— Work order —
All of the data should be reproduced word for word, though its pictures must be omitted.

═══ Data extract

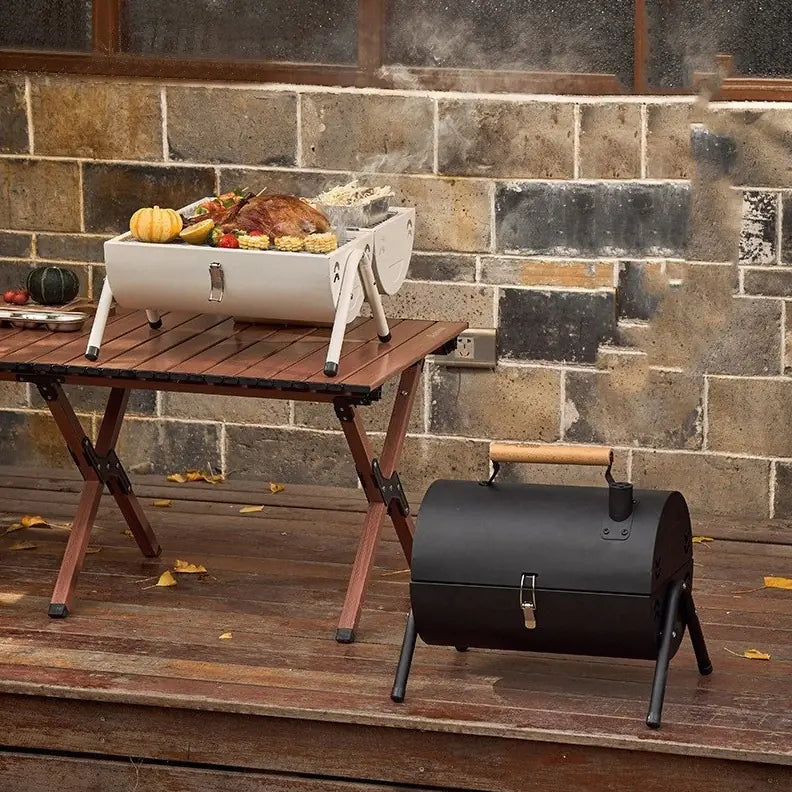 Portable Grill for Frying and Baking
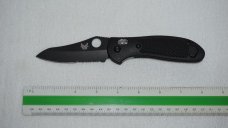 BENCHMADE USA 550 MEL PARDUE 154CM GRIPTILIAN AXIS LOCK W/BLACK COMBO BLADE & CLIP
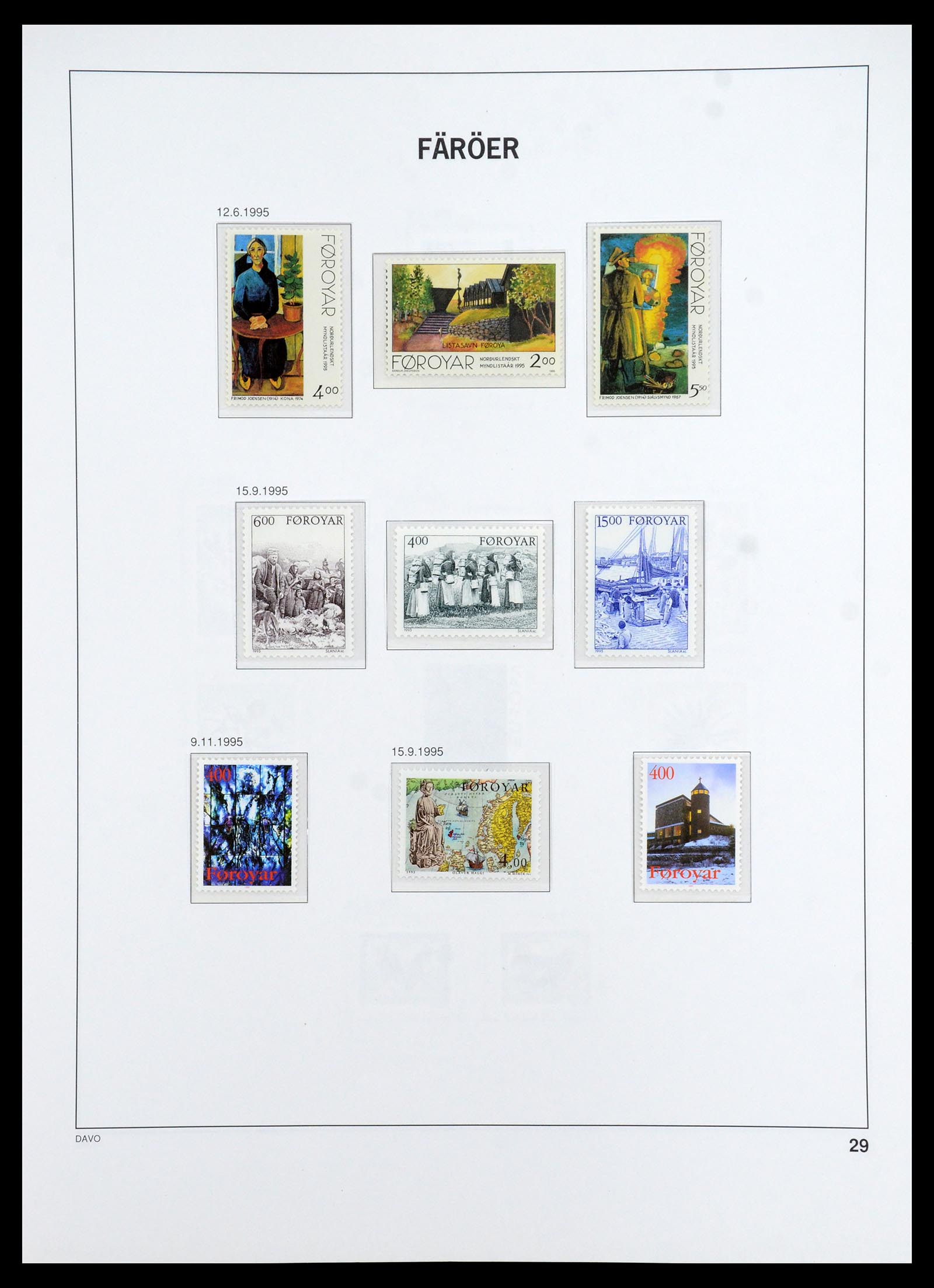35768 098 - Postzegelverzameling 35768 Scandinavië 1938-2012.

══════

— Task response —
 Portable Grill for Frying and Baking
 BENCHMADE USA 550 MEL PARDUE 154CM GRIPTILIAN AXIS LOCK W/BLACK COMBO BLADE & CLIP
35768 098 - Postzegelverzameling 35768 Scandinavië 1938-2012.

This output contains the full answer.